Task:
Word for word, copy the records and drop the pictures.

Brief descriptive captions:
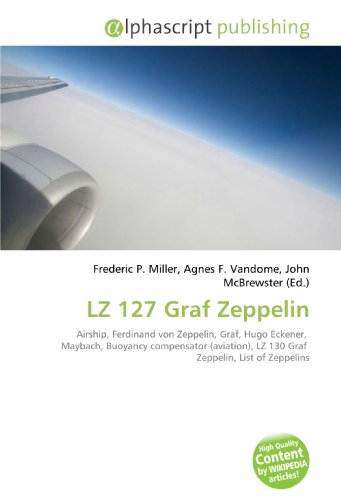 Stock image for LZ 127 Graf Zeppelin: Airship, Ferdinand von Zeppelin, Graf, Hugo Eckener, Maybach, Buoyancy compensator (aviation), LZ 130 Graf Zeppelin, List of Zeppelins for sale by Ria Christie Collections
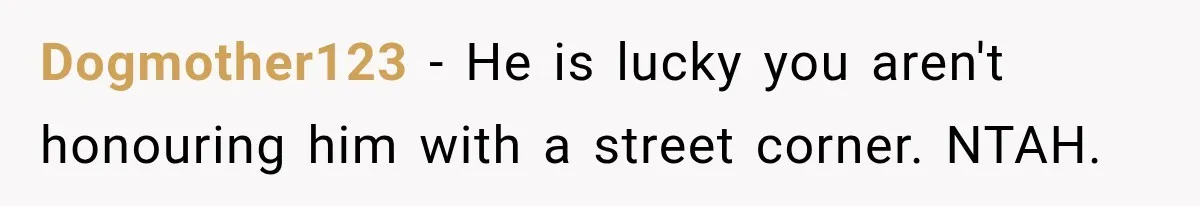 Dogmother123 − He is lucky you aren't honouring him with a street corner. NTAH.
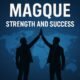Magque Strenght And Success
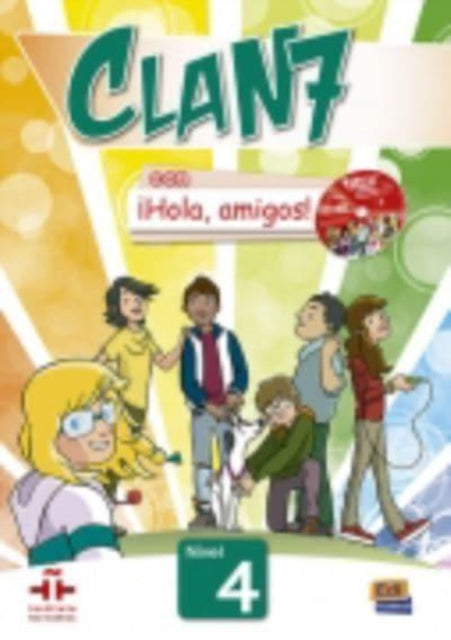 Clan 7 Con Hola Amigos Level 4 Libro del Alumno  CDROM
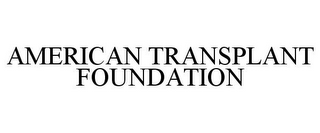 AMERICAN TRANSPLANT FOUNDATION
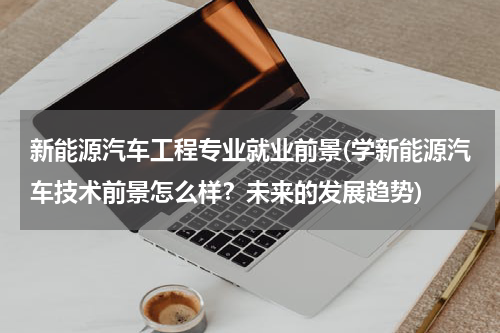 新能源汽车工程专业就业前景(学新能源汽车技术前景怎么样？未来的发展趋势)
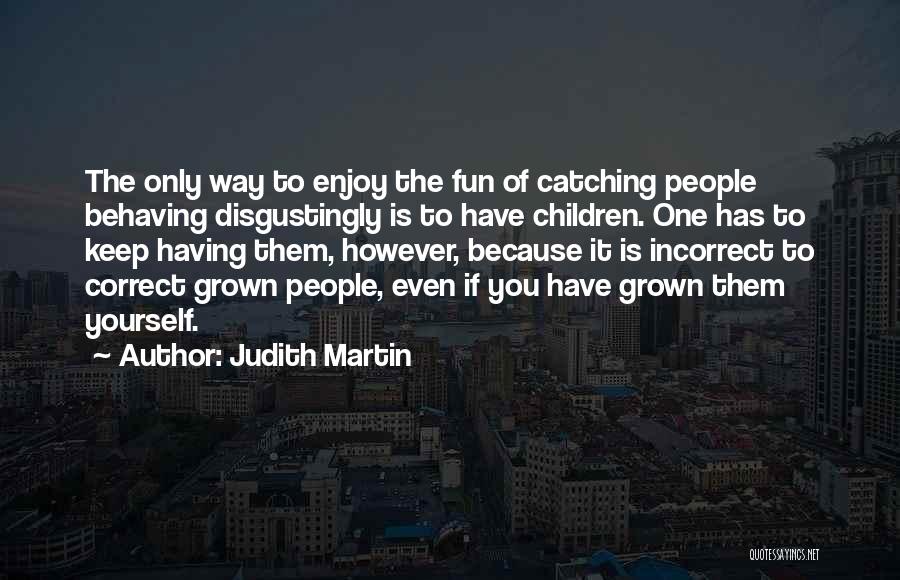 Correct Yourself Quotes By Judith Martin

Output of the task:
 Stock image for LZ 127 Graf Zeppelin: Airship, Ferdinand von Zeppelin, Graf, Hugo Eckener, Maybach, Buoyancy compensator (aviation), LZ 130 Graf Zeppelin, List of Zeppelins for sale by Ria Christie Collections
 Dogmother123 − He is lucky you aren't honouring him with a street corner. NTAH.
Magque Strenght And Success
 Clan 7 Con Hola Amigos Level 4 Libro del Alumno  CDROM
 AMERICAN TRANSPLANT FOUNDATION
 新能源汽车工程专业就业前景(学新能源汽车技术前景怎么样？未来的发展趋势)
 Correct Yourself Quotes By Judith Martin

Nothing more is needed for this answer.